*** Provided material Section Begins ***

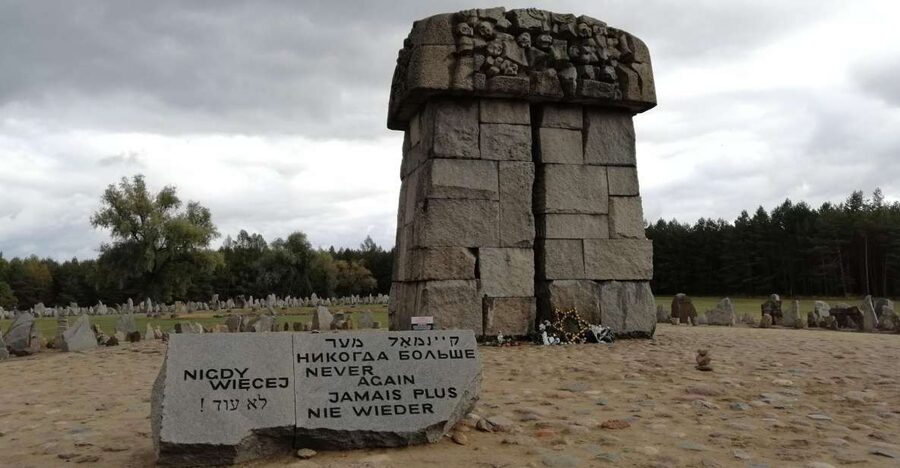 From Warsaw: Guided Tour of Treblinka Camp - The Treblinka museum and miniature camp model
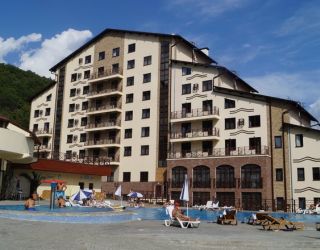 Комплекс отдыха "Беларусь"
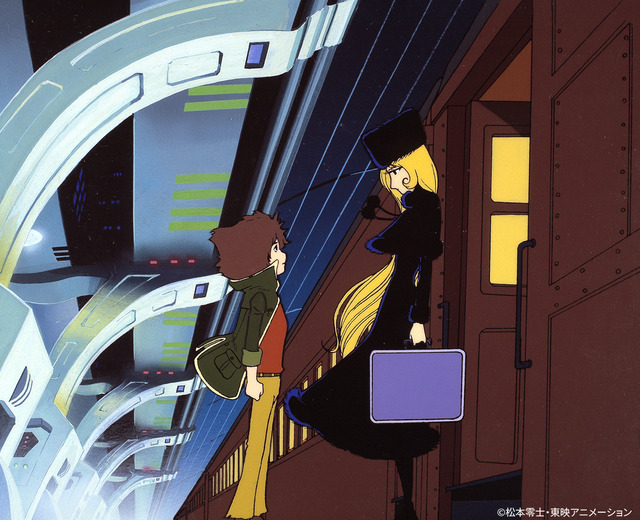 銀河鉄道999」松本零士＆野沢雅子が当時を振り返る…「私の中では鉄郎は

*** Provided material Section Ends ***

(How to complete this task) Give back the full listing above word for word, and let no picture through.

(Solution)
 From Warsaw: Guided Tour of Treblinka Camp - The Treblinka museum and miniature camp model
 Комплекс отдыха "Беларусь"
 銀河鉄道999」松本零士＆野沢雅子が当時を振り返る…「私の中では鉄郎は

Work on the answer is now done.